■ **Your goal**
Count every line in the data below where the word "Used" appears, then state only that count.

# # # # #

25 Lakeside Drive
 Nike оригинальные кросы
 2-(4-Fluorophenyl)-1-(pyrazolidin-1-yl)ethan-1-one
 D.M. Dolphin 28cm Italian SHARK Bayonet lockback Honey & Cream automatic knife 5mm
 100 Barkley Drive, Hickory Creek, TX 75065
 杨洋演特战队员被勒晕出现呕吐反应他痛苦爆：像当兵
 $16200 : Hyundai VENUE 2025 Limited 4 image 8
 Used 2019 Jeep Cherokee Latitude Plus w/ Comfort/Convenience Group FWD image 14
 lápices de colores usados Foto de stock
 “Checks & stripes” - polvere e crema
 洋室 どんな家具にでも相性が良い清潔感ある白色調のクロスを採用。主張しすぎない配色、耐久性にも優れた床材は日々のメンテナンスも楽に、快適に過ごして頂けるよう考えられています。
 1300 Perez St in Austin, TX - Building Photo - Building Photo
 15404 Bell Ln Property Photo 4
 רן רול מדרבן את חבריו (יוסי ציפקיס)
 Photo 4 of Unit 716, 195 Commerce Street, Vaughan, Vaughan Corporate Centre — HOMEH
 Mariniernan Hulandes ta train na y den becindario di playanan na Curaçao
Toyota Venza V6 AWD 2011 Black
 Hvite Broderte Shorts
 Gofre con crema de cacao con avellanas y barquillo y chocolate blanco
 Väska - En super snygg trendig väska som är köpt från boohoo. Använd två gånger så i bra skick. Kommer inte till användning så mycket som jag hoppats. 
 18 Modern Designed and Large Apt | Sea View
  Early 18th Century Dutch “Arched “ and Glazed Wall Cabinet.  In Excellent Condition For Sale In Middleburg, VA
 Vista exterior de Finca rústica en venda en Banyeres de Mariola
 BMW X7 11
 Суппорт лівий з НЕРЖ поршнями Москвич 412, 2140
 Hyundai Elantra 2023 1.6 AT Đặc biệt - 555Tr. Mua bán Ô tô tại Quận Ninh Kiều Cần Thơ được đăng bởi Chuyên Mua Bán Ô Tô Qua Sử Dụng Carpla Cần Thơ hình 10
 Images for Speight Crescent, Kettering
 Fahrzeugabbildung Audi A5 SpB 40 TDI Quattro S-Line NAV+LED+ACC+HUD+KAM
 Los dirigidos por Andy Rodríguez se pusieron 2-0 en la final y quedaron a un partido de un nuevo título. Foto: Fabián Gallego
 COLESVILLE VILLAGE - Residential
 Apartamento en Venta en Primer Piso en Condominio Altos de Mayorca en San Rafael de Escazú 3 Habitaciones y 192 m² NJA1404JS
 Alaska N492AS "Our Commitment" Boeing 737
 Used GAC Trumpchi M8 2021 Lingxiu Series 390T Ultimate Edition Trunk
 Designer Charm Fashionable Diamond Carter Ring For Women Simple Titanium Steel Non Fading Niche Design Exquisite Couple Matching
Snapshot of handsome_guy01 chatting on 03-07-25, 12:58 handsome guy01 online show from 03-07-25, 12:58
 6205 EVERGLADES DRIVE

# # # # #

■ **Solution below**
2